Caption-style text data:
******************************

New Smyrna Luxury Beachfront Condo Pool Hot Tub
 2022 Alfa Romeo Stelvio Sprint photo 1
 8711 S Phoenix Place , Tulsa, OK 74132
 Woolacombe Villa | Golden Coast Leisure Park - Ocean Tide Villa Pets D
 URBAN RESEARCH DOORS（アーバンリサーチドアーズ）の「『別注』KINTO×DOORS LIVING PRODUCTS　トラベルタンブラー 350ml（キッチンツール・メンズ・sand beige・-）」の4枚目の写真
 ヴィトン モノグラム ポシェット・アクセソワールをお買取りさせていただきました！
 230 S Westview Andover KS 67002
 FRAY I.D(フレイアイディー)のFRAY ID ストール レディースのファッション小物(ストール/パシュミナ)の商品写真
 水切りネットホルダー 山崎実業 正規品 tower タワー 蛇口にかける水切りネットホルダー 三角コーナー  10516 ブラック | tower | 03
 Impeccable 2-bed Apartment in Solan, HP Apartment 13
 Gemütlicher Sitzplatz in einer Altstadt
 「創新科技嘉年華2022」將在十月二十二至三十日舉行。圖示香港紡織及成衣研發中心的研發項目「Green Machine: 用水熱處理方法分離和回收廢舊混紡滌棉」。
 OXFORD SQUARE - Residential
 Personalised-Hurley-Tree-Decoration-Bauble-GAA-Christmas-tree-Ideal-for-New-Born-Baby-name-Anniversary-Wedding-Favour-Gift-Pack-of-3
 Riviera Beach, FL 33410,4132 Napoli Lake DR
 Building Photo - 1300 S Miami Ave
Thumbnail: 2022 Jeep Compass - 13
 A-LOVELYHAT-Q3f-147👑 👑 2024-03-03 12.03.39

******************************

§ **Problem details**: Write out exactly the lines from the one with "2022 Alfa Romeo Stelvio Sprint photo 1" through the end of the records above, both ends included, and leave out all other lines.

§ **Answer to this task**:
 2022 Alfa Romeo Stelvio Sprint photo 1
 8711 S Phoenix Place , Tulsa, OK 74132
 Woolacombe Villa | Golden Coast Leisure Park - Ocean Tide Villa Pets D
 URBAN RESEARCH DOORS（アーバンリサーチドアーズ）の「『別注』KINTO×DOORS LIVING PRODUCTS　トラベルタンブラー 350ml（キッチンツール・メンズ・sand beige・-）」の4枚目の写真
 ヴィトン モノグラム ポシェット・アクセソワールをお買取りさせていただきました！
 230 S Westview Andover KS 67002
 FRAY I.D(フレイアイディー)のFRAY ID ストール レディースのファッション小物(ストール/パシュミナ)の商品写真
 水切りネットホルダー 山崎実業 正規品 tower タワー 蛇口にかける水切りネットホルダー 三角コーナー  10516 ブラック | tower | 03
 Impeccable 2-bed Apartment in Solan, HP Apartment 13
 Gemütlicher Sitzplatz in einer Altstadt
 「創新科技嘉年華2022」將在十月二十二至三十日舉行。圖示香港紡織及成衣研發中心的研發項目「Green Machine: 用水熱處理方法分離和回收廢舊混紡滌棉」。
 OXFORD SQUARE - Residential
 Personalised-Hurley-Tree-Decoration-Bauble-GAA-Christmas-tree-Ideal-for-New-Born-Baby-name-Anniversary-Wedding-Favour-Gift-Pack-of-3
 Riviera Beach, FL 33410,4132 Napoli Lake DR
 Building Photo - 1300 S Miami Ave
Thumbnail: 2022 Jeep Compass - 13
 A-LOVELYHAT-Q3f-147👑 👑 2024-03-03 12.03.39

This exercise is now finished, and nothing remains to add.